Problem to work on: Using the material below, print the line that contains "Pelatih Sevilla Vincenzo", the line that contains "A pair of brown", and every line in between, exactly and nothing else.

===== Data for this exercise

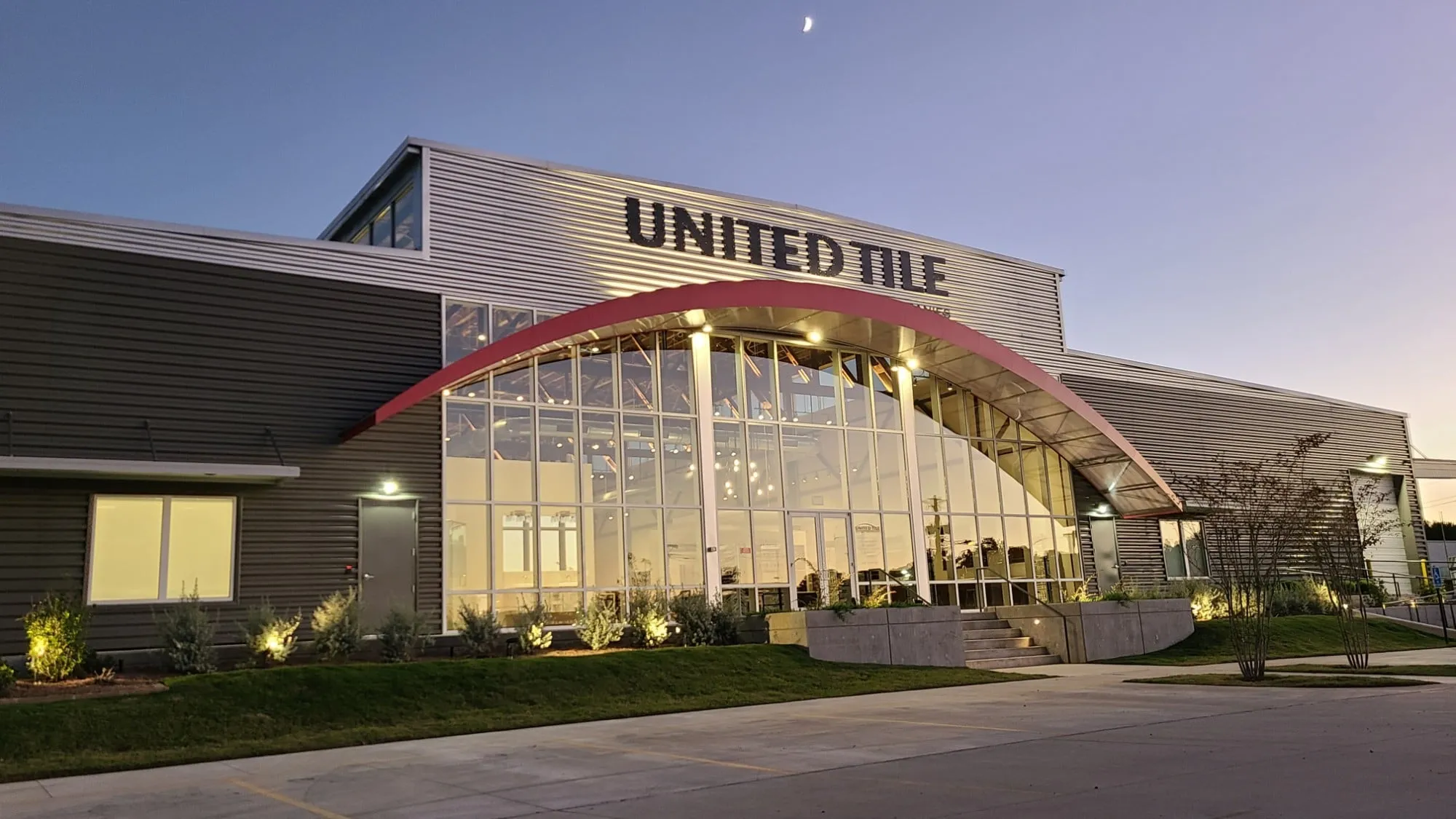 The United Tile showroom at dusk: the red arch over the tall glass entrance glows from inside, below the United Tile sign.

==========
===== Data for this exercise

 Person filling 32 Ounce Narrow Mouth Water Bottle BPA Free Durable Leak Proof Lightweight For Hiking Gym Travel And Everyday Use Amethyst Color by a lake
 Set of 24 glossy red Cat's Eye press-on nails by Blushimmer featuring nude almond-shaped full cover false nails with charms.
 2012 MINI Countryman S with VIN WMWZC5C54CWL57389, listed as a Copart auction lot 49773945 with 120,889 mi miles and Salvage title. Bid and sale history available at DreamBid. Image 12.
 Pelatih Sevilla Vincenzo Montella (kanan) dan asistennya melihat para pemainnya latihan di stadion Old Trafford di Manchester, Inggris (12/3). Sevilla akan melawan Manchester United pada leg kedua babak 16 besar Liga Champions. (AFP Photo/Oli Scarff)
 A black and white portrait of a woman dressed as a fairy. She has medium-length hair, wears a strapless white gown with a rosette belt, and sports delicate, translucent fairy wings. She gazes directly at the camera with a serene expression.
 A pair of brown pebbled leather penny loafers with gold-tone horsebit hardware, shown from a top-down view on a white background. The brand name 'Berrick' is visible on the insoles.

==========

Result for this exercise:
 Pelatih Sevilla Vincenzo Montella (kanan) dan asistennya melihat para pemainnya latihan di stadion Old Trafford di Manchester, Inggris (12/3). Sevilla akan melawan Manchester United pada leg kedua babak 16 besar Liga Champions. (AFP Photo/Oli Scarff)
 A black and white portrait of a woman dressed as a fairy. She has medium-length hair, wears a strapless white gown with a rosette belt, and sports delicate, translucent fairy wings. She gazes directly at the camera with a serene expression.
 A pair of brown pebbled leather penny loafers with gold-tone horsebit hardware, shown from a top-down view on a white background. The brand name 'Berrick' is visible on the insoles.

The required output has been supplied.